Израиль: двадцать пять лет спустя
Владимир ПЛЕТИНСКИЙ
Вот и до меня добрался юбилей — четверть века с того момента, как моя семья ступила на благословенную израильскую землю. 11 января 1991 года при приземлении в аэропорту имени Бен-Гуриона остановились мои советские "командирские" часы — хотя в тот момент, когда самолет оторвался от взлетной полосы Шереметьево и взял курс на Будапешт, я их подзавел. Символично. Как и символичны последние слова, которые мы услышали от московских таможенников, заставивших нас оставить провожатым бОльшую часть упакованного в баулы и ручную кладь — хотя весы в гостинице "Интурист", где мы жили последние две недели перед отъездом и допаковывали-перепаковывали наше добро, и показывали, что мы не превысили допустимую норму. Мы не ругались со служивыми, а послушно выковыривали то, что нам казалось важным, но чем приходилось пожертвовать. И когда весы показали удовлетворяющую мытарей цифру, нас пропустили к паспортному контролю. В этот момент румяная таможенница бросила нам в спину:
— Чтоб на вас там бомбу бросили!
Я оглянулся, готовый сказать что-то в ответ, но Лена схватила меня за руку, мол, не нарывайся на неприятности. И мы пошли в "предбанник". Долгие часы ожидания, взлет и пульсирующие в мозгу лермонтовские строчки: "Прощай, немытая Россия!"

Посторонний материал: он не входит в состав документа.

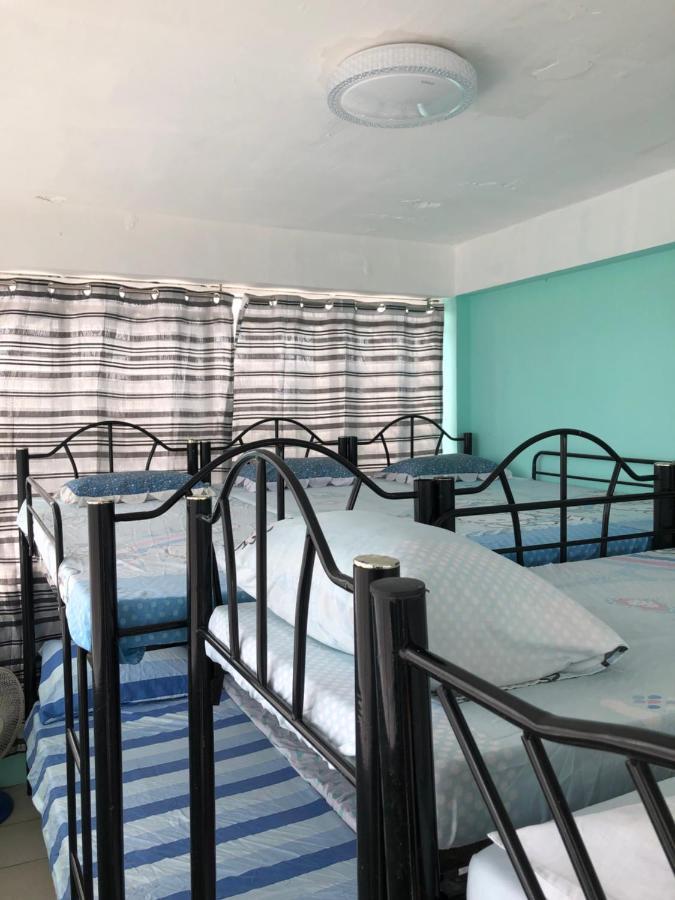 The Mansion - Backpackers Near Airport Apartamento Manila Exterior foto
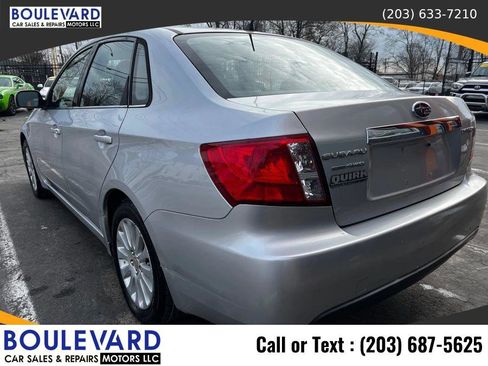 Used 2011 Subaru Impreza 2.5i Premium w/ PWR Moonroof Value Pkg image 6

Разумеется, не буду утомлять читателей деталями полета и ожидания в будапештском аэропорту, где нас окружили заботой израильские парни и девушки. И полет из Венгрии в Израиль ничем особенным не отличался — кроме смертельной усталости и радости от того, что осталось совсем немного — и мы дома. Дома? В стране, где у нас дома пока нет? Да, именно так. Я был уверен, что крыша над головой будет.
И вот, едва не прослезившись при виде девушек с натянутыми на ладони рукавами, аплодировавших нам и поющих "Эвену шалом алейхем", честно выплатив налог за видеомагнитофон (хотя надо было просто продекларировать, что он не новый — что было правдой), впервые столкнувшись с хамством (таксист потребовал, чтобы я сам грузил на крышу баулы и еще понукал), я обалдел от вида пальмы. Той самой пальмы, которую в аэропорту имени Бен-Гуриона наверняка заметили и запомнили все новые репатрианты.
Впереди был Бней-Брак, где поселились брат моей жены с семьей — именно с ними мы и договорились, что поживем до момента, пока найдем квартиру. Игорь и Алла Швецовы встретили нас у подъезда. Едва мы вылезли из такси, раздался их дружный хохот.
— Ну здравствуйте, здравствуйте, товарищи комиссары! — обнял нас Игорь.
— Когда революцию будем делать? — расцеловала нас Алла.
И в самом деле, к нашим черным кожаным плащам не хватало только маузера. Видимо, выглядели мы весьма комично. Впрочем, больше половины летевших с нами будущих граждан Израиля были в кожанках. Остальные же — в модных в ту пору "варенках". Все у всех было плюс-минус одинаковым. Как и противогазы, которые нам пришлось надевать спустя несколько дней — когда на наши головы посыпались саддамовские "скады", именуемые нами "приветом с родины" — производства-то они были советского.
Но до "скадов" еще оставалось время. Отужинав со Швецовыми и обалдев от непривычного вкуса некоторых продуктов, мы стали клевать носом. Однако я пересилил себя и остался верен правилу "ни дня без строчки". В голове промелькнули слова Игоря о комиссарах, крик швецовской соседки, зовущей из окна сына Шломо, и родилась такая глубокомысленная фраза из цикла "Вопросы ребрами":
"И кому Сарры в пыльных, Шлёма?"
Это была моя первая строчка на настоящей родине. И, слава Богу, не последняя.
Оглядываясь на прошедшие четверть века, в течение которых (без трех месяцев на первые шаги и ульпан) я всегда был востребованным журналистом, моя жена литредактором, а сын Миша стал кинематографистом, я задал себе вопрос: а хотелось ли бы мне что-то изменить? Если бы существовала машина времени и я уже знал, что Советский Союз, который я так ненавидел, распадется, то поменял бы я направление своей жизни? Отвечаю как на духу: глобально — нет. И уехал бы. И для бытия выбрал бы именно Израиль, а не какую-то другую страну. А остальное — уже мелочи. Например, в багаж укладывал бы отчасти другие вещи. И попытался бы исправить ошибки, коих совершил по неопытности немало.
Но вот от кожаных плащей я не отказался бы. Во-первых, потому что они идеально подходят для израильской зимы. Во-вторых, потому что долговечны (прослужили верой и правдой нам не меньше десятилетия). И, в-третьих, потому что без них я не записал бы строчку о Сарре и Шлёме.